Cet appel en faveur de Ségolène Royal aurait eu de multiples conséquences. Le Front National eut été placé dans la position du faiseur de roi. De reine en l’occurrence. Elle eut brisé toutes attaches avec un passé antérieur et enfin tenu compte de l’effondrement du mur de Berlin. Elle eut fait comprendre que sans les nationalistes aucune perspective de victoire, proportionnelles ou pas, n’était possible. Elle eut mis toute la gauche dans l’embarras aussi, ce qui n’est pas peu. D’une pierre deux coups, à l’aide d’un splendide isolement vis à vis des deux blocs dont à l’un elle est attachée depuis trop de temps, elle se fût placée sous les projecteurs de l’actualité, rayonnant tant en France qu’en Europe. Ce qu’aucun autre nationalisme n’a fait, le Français l’aurait réalisé.

Evidemment, ces soutiens ne peuvent être que ponctuels et factuels. Si les nationalistes faisaient l’erreur d’apporter leur soutien qu’à la gauche exclusivement, ils y perdraient toute crédibilité. Il faut que le choix, si choix il y a, soit explicité. On peut être certain que le corps journalistique avide de sensations, s’en irait alors rechercher les informations à la source.

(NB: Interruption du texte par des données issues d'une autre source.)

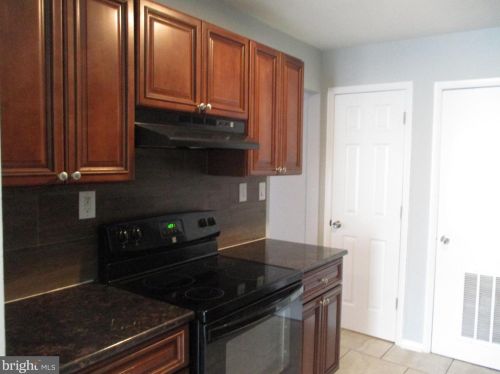 6 Lawrence Ct, Erial NJ  08081-1931 exterior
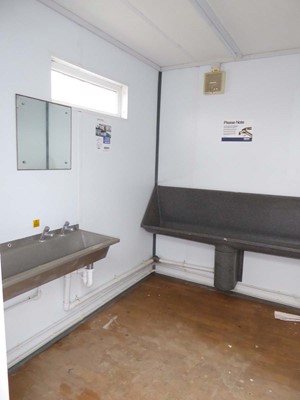 Lot 4025 - 9ft x 12 ft Elliott white jack leg steel site...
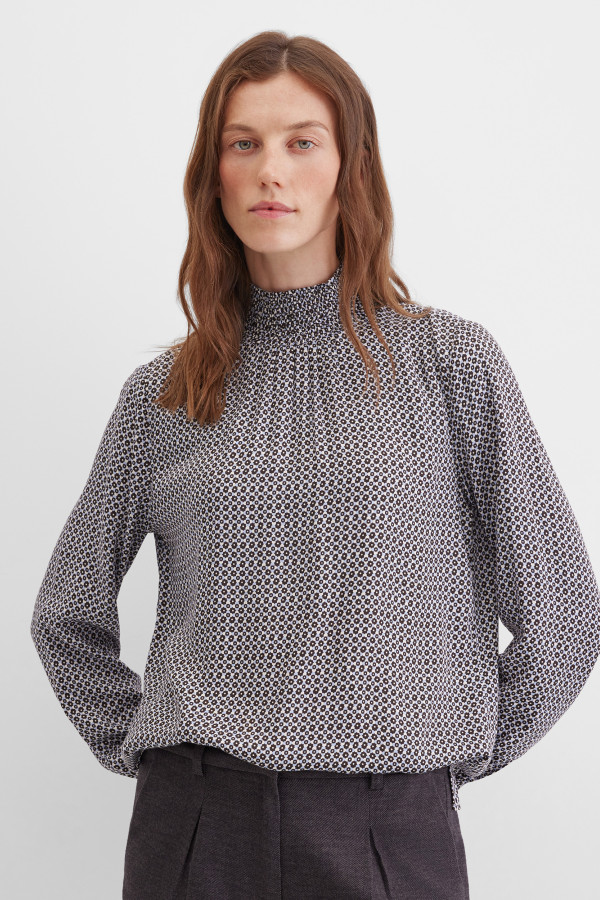 Блузка с воротником-стойкой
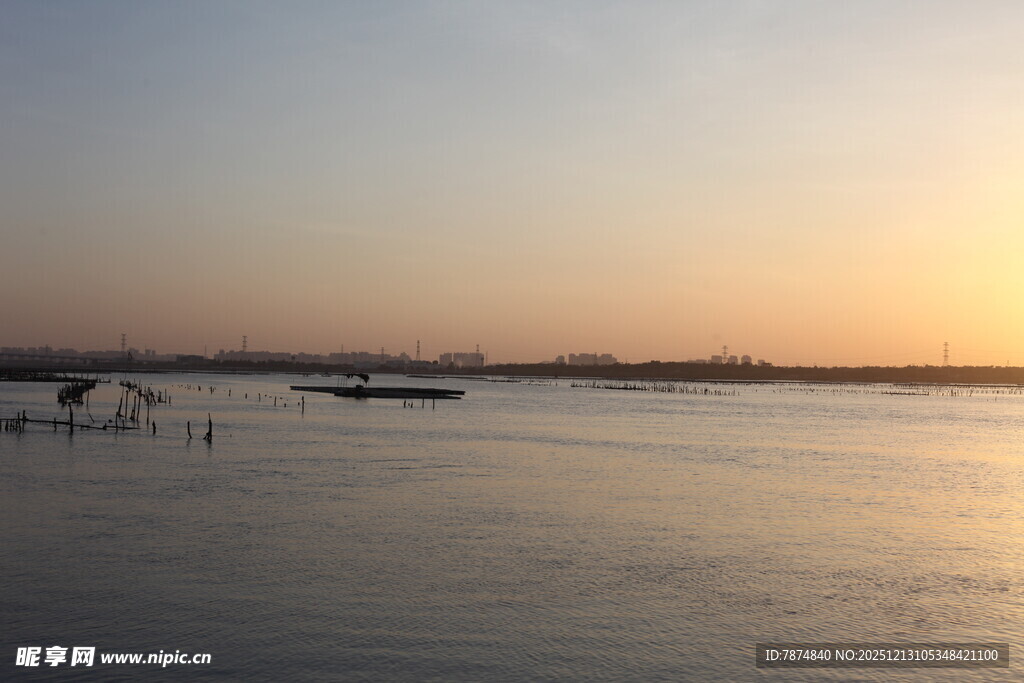 日落时分的宁静水面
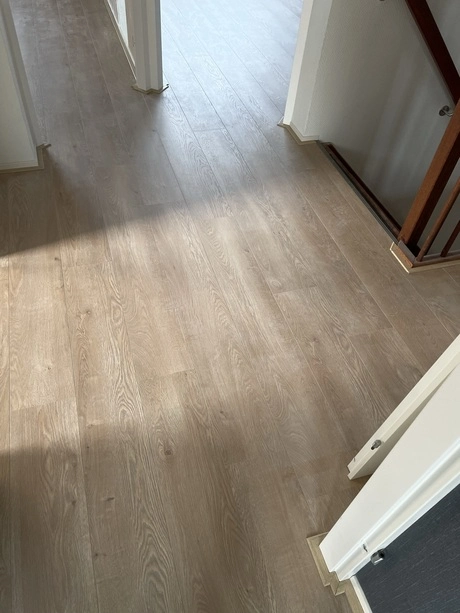 houten vloer in een zonnige gang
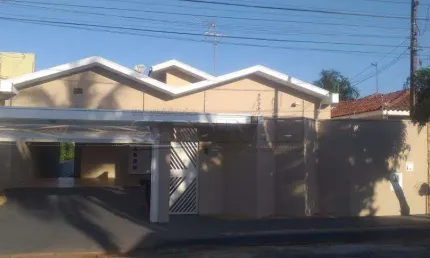 Casa com 3 quartos à venda na Avenida Francisco de Assis Bezerra Filho, 231, Jardim Nova América, Araraquara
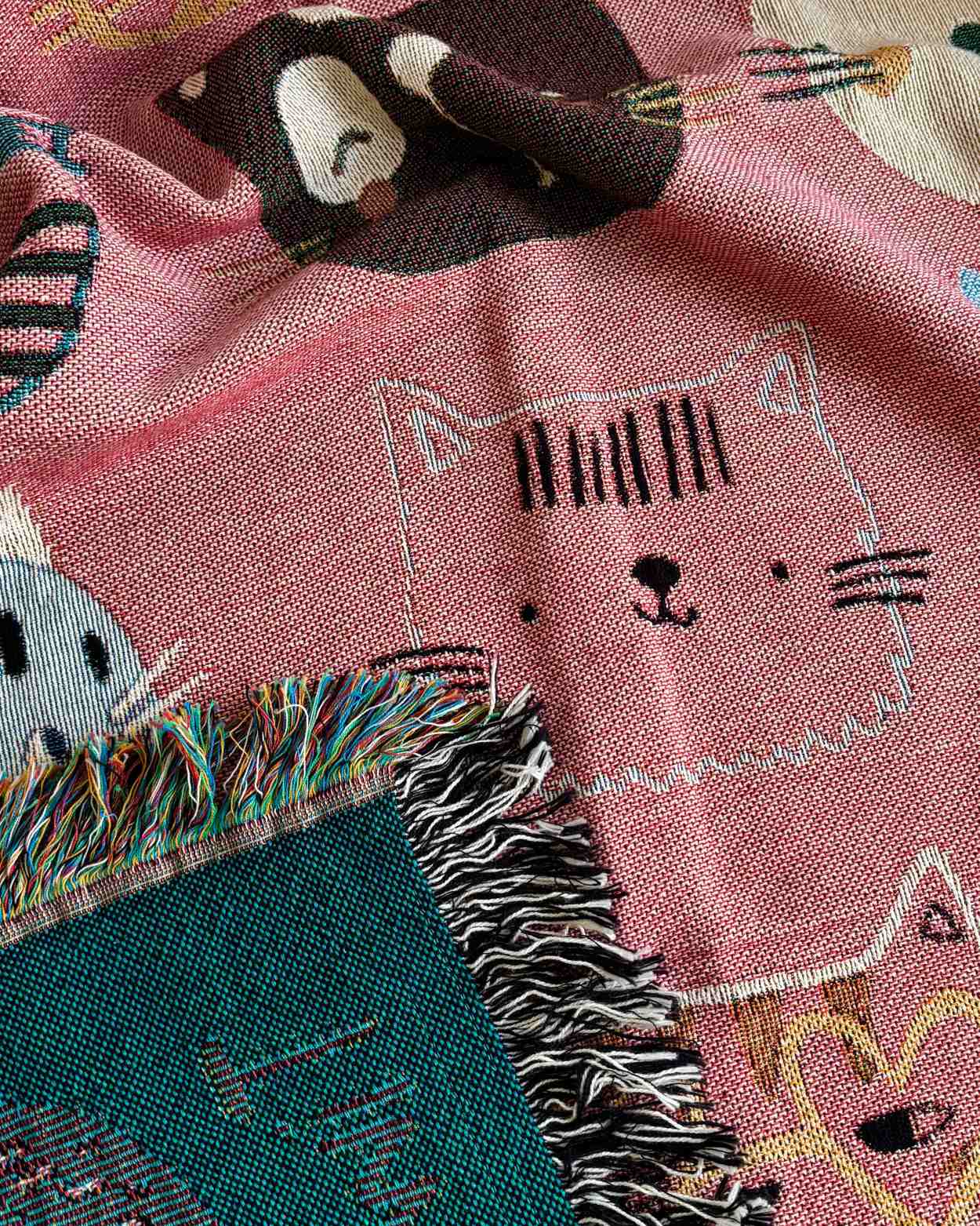 Coperta Intessuta Personalizzata con “Facce Pelose”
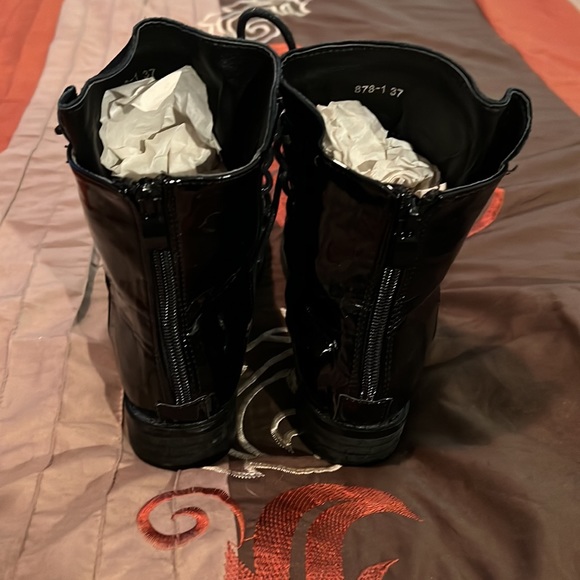 Nice black boot - Picture 3 of 4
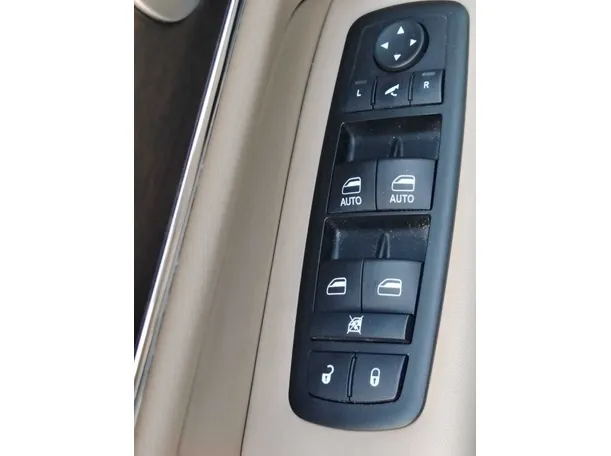 Car image 35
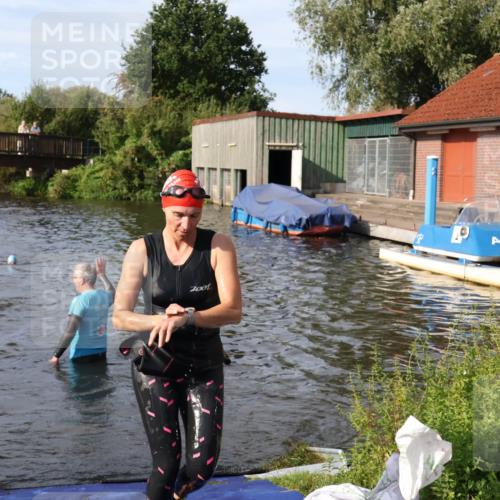 31.08.2025 - Elbe Triathlon Hamburg Luisa Fischer http://msf.ph/oto/8681952 31.08.2025 09:36:52 Schwimmen 861, 892, 894 meine-sportfotos.de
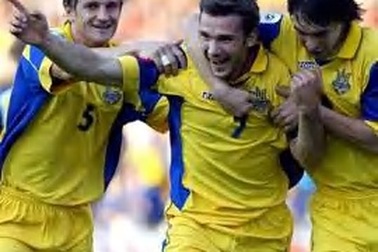 Phương Đông không êm đềm 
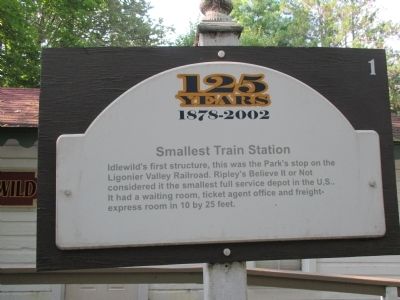 Smallest Train Station Marker image. Click for full size.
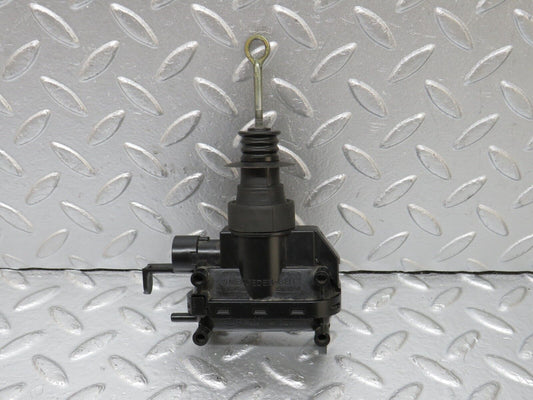 33647 Mercedes-Benz W201 190E 2.0L Door Lock Vacuum Actuator Front Left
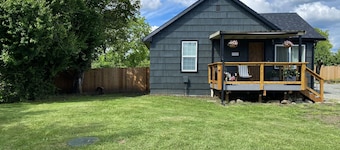 Flora Fauna Refuge Cottage by Wildlife Refuge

Dans le cas présent, je ne file pas le grand amour avec Ségolène Royal ni avec la gauche d’ailleurs tout en sachant très bien que leur arrivée au pouvoir ne pourra que nous être favorable : la gauche au pouvoir est un faire valoir pour nos idées. Si le candidat de la droite avait été le premier ministre, l’abstention pouvait se justifier. En ce qui concerne l’ancien ministre de l’intérieur, c’est tout à fait différent : rupture avec une économie qui nous évite la proportion de pauvres que l’on trouve chez Tony Blair, rupture avec la notion de communauté au profit de l’individualité, rupture avec la politique étrangère faite de non-alignement. Il ne s’agit donc pas d’une rupture avec l’actualité française mais avec la tradition historique de la France.

Voilà la raison du soutien à Ségolène Royal. D’ailleurs, Jean Marie Le Pen, fin politique et sachant très bien à qui profite son abstention ne s’y est pas trompé. Il suffit de lire entre les lignes et de savoir pour qui voterait sans consignes son électorat pour comprendre.

Il n’est pas impossible que je dise tout haut ce que Jean Marie Le Pen pense tout bas.